You can be in any situation and you don’t even have a Bible with you and you can call upon God, a scripture can come to mind. You experience that often. Maybe before the Days of Unleavened Bread, God’s Spirit might have dwindled a little bit in us but He gave us these days and we rekindled it again and you begin to remember, “Oh, yes, I remember that scripture.” You go down the road or you are talking with somebody in a difficult situation, “How do I deal with this or that?” And a scripture just jumps to mind, “This is how you should handle somebody.” Or, “This is how you should think.” Or, “This is how you should act.” Or, “No, we don’t do that.”
That is God’s Word within us, Brethren. You didn’t even have the paper with you, it is within you. That should encourage us to know that God’s Word is already in us and He is building it more and more within you. Let’s look at an example in Matthew chapter six. Just an example. One of the themes of these days, Brethren through, Passover. The things that we cried out to God for on our knees. Matthew chapter six verse fourteen, it says... in the model prayer, at the end, Matthew chapter six and verse fourteen, “For if you forgive men their trespasses, your heavenly Father will also forgive you.” If we work with people in a certain way, He will forgive us. If we forgive each other. He said, “But if you forgive not men their trespasses, neither will your Father forgive you your trespasses.”

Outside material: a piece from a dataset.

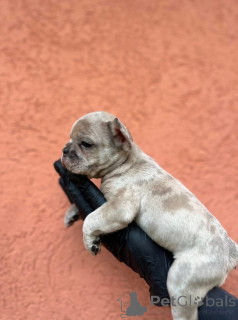 Foto №3. Exotische Französische Bulldogge Balkan Welpen in TOP-Qualität. Serbien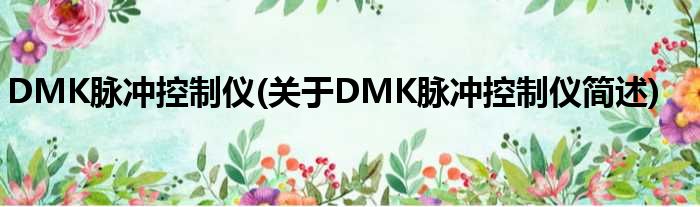 DMK脉冲操作仪(对于DMK脉冲操作仪简述)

Let’s go to Colossians chapter three verse thirteen. When it goes from paper to people, whether these things become real in our lives and we can learn those lessons and we build the character that we so much need in the days just ahead of us. Colossians three verse fourteen, “Forbearing one another,” meaning... what does that forbearing mean? It means to put up with. Sometimes people have to put up with me. You’re laughing too loud.
You know that we are people. Certain times people have to put up with you, with the low things, quirkiness that we have, or the challenges, or the things that we fall short, Brethren. But God says we forbear each other. We put up with each other. Why? Because we are all in that process, building God’s Word, taking it from paper to people.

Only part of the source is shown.